-- DATA TO USE follows --

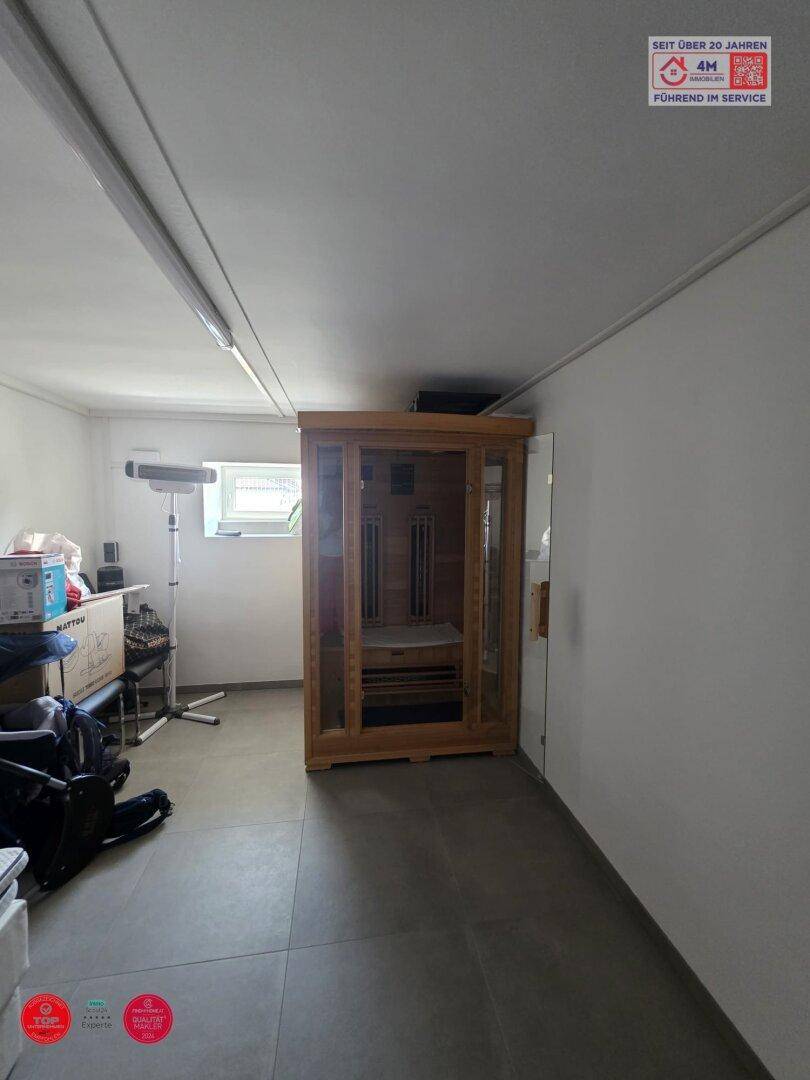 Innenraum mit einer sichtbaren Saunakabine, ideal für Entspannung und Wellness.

-- DATA TO USE concluded --
-- DATA TO USE follows --

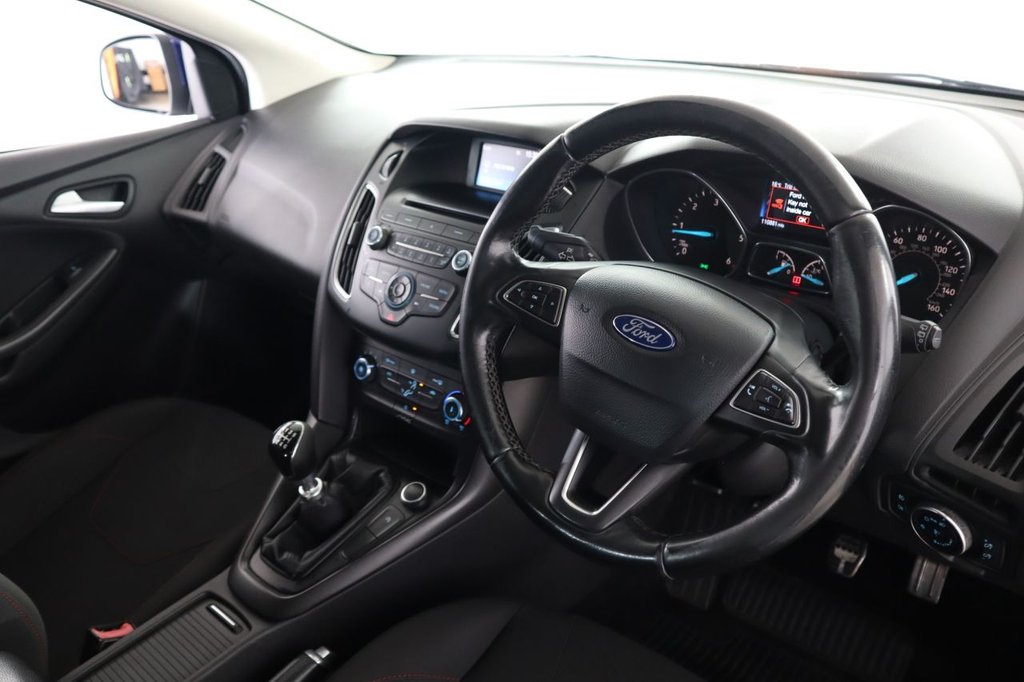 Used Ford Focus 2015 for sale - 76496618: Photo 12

-- DATA TO USE concluded --
-- DATA TO USE follows --

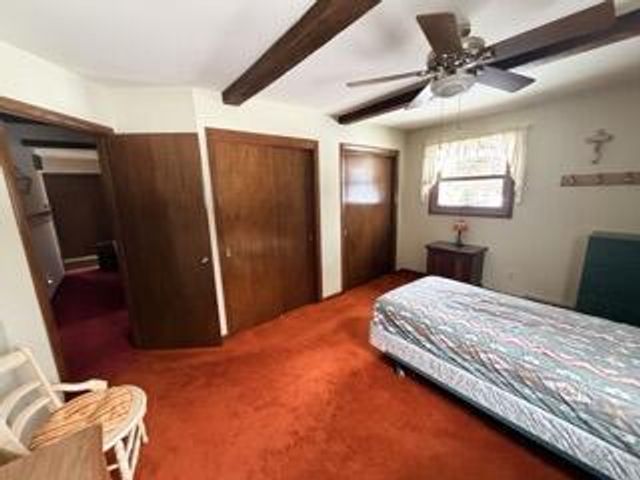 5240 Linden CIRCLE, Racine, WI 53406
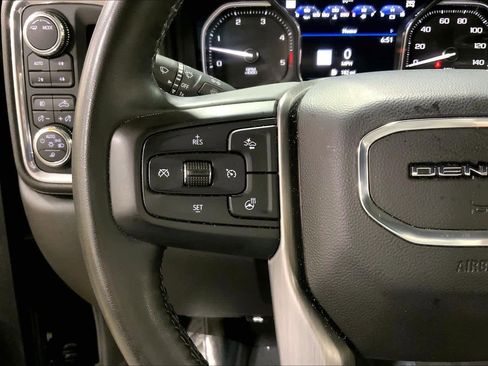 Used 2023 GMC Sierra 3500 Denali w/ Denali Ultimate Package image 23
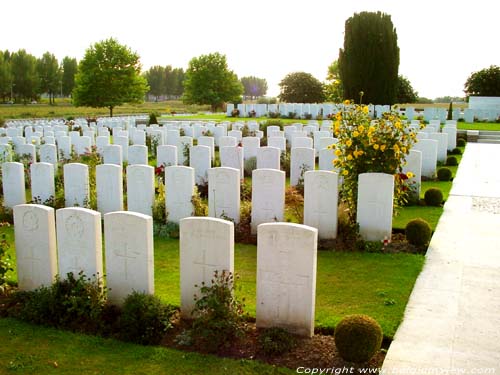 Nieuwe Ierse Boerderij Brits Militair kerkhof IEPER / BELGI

-- DATA TO USE concluded --

THE TASK >> Of all the material above, only the lines from the one that has "Used 2023 GMC" down to the one that has "Nieuwe Ierse Boerderij" are to be written out, exactly and with both ends included. Pictures are skipped.

REPLY >>
 Used 2023 GMC Sierra 3500 Denali w/ Denali Ultimate Package image 23
 Nieuwe Ierse Boerderij Brits Militair kerkhof IEPER / BELGI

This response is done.